◆ **Activity**: Having located the line with "bedro image 5", print it and each remaining line exactly, stopping at the end of the material and omitting pictures.

◆ **Material provided**:
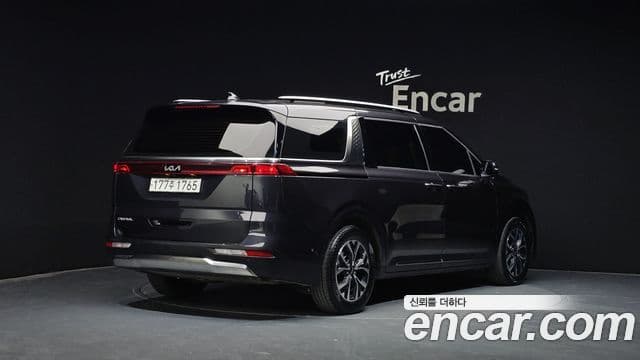Kia Carnival 2022 — Фото 2/20
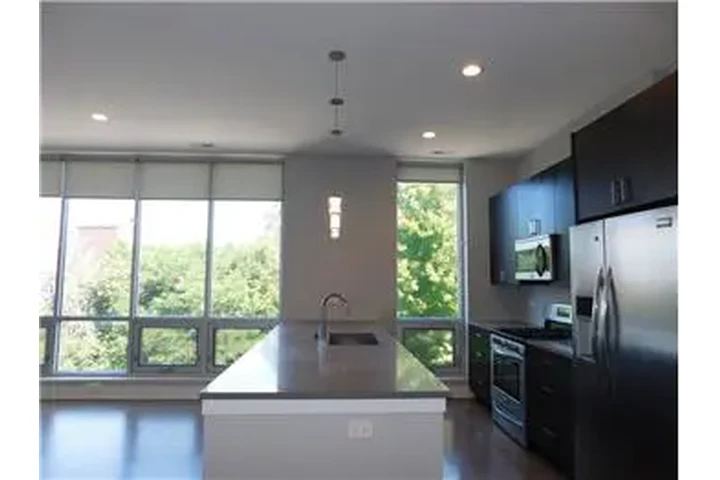 $2700 : Rental property with 1 bedro image 5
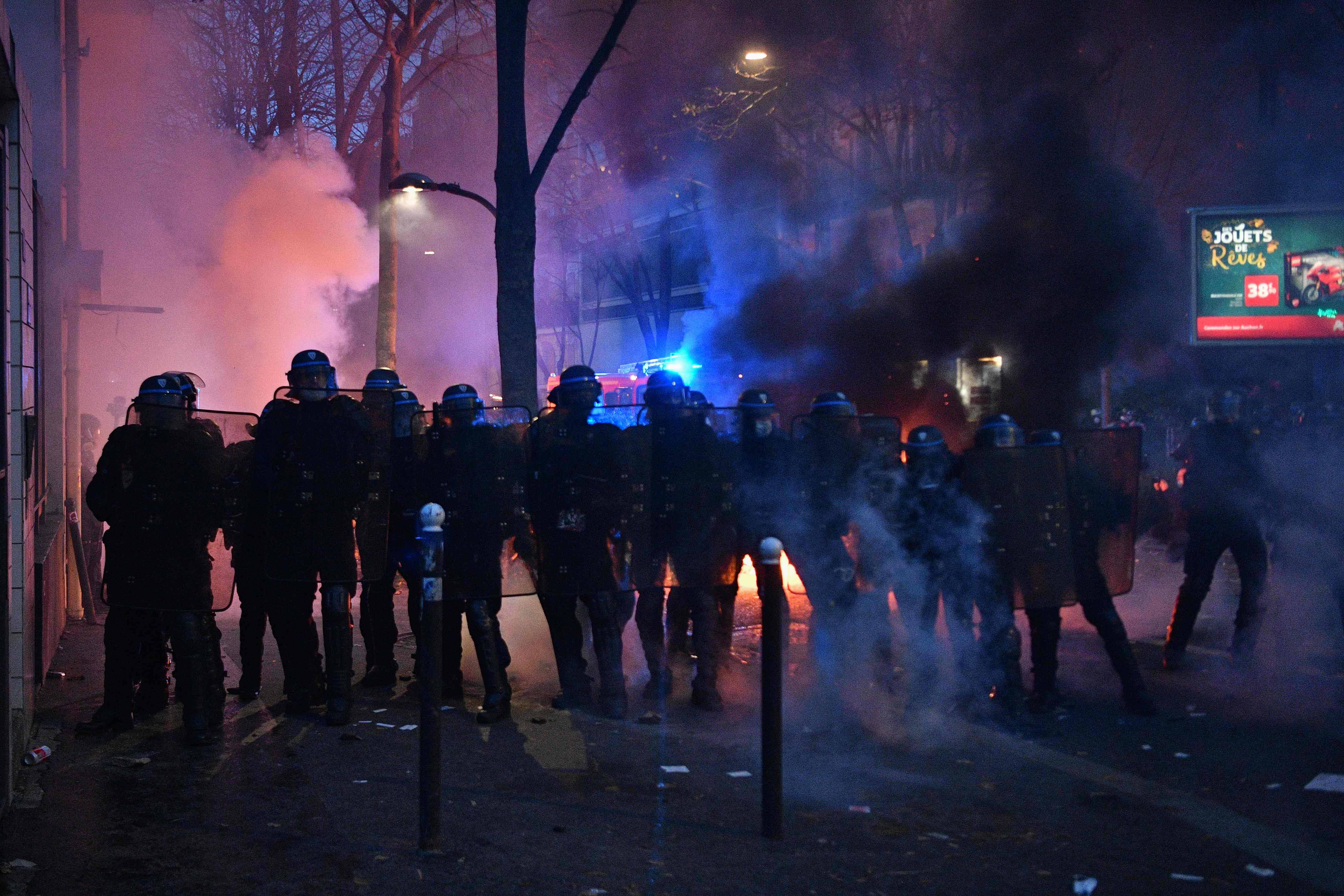 [EN IMAGES] Plusieurs incidents lors d’une manifestation à Paris TVA Nouvelles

◆ **Solution for this exercise**:
 $2700 : Rental property with 1 bedro image 5
 [EN IMAGES] Plusieurs incidents lors d’une manifestation à Paris TVA Nouvelles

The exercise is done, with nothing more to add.